Shall We Play a Game? Winning Isn’t the Point, Experts Say

NATIONAL HARBOR, Md. — War games may be a useful tool for leaders dealing with regional conflicts and great power rivalry, but the purpose isn’t to win, according to a panel of gaming experts. 

“Many people think war games are a boot camp for victory, in reality, war games get you to think about multiple choices, courses of action for the tactical, the operational and the strategic levels of war, so it’s really not necessarily about winning,” said panel moderator Dr. Steven Wills, Navalist, at the Center for Maritime Strategy, Navy League of the United States. 

Panel members echoed Wills’ comment at the Navy League’s 2023 Sea-Air-Space Expo. 

“A single, well-designed game predicts ‘a’ future, not ‘the’ future,” said Commander Phillip Pournelle, USN (Ret.), Senior Operations Analyst and Wargame Design at Group W, an analysis, modeling and research company. The best it can do is provide insights into the future, “in a manner similar to how a shotgun hits a duck.” 

 “Winning is the wrong way to look at wargaming,” said Jeremy Sepinsky, Lead Wargame Designer, CNA. “If you win a war game, you have discovered one potential way of success among an infinite number of choices that all must follow that exact alignment for your success to be realized.” But losing a wargame identifies “how your systems are going to fail,” Sepinsky said, adding even if you don’t know how it failed it can point to what happens if it fails and how to mitigate that failure. 

The session ended with all of the panelists demonstrating wargames they had developed like the Taiwan Straits game by Dr. Matt Cancian, of the U.S. Naval War College and the Center for Strategic and International Studies. 

Most were complex with a blizzard of rules like IUU (illegal, Unreported, Unregulated) Fishing game, with a variety of dice, playing cards representing fishing boats, tiny fish, zoned areas marked with numbers indicating fisheries’ size. “You are a fishing fleet, your job is to fish,” explained  Sepinsky, “each of the ships has a certain profit quota that you’re trying to make.” 

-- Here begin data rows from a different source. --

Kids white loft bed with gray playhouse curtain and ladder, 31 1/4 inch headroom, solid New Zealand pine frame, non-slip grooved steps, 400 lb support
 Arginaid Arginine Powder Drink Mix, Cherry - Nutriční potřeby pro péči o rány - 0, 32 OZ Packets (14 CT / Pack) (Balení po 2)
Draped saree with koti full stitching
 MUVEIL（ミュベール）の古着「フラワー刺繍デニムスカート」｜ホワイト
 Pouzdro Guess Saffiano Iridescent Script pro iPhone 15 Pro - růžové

The cards representing the ships have two sets of gauges “one for the welfare of the people on your ship. What are you wages. How are your social security benefits? Are you paying into their retirement plans,” said the game-co-creator.” On the right hand side you’ve got the safety of the ship. Is it patched? Is it leaking oil. Does it meet regulations and standards for the waters you’re going to be fighting in?” 

In some wargames “you want them to lose just a little bit,” Dr. Yuna Wong of the Institute for Defense Analyses said.  The purpose was to see what could go wrong and identify potential problems and weaknesses. Some organizations want to use wargames to validate or prove plans. “Remember wargames can’t prove anything and they can’t validate anything,” she said.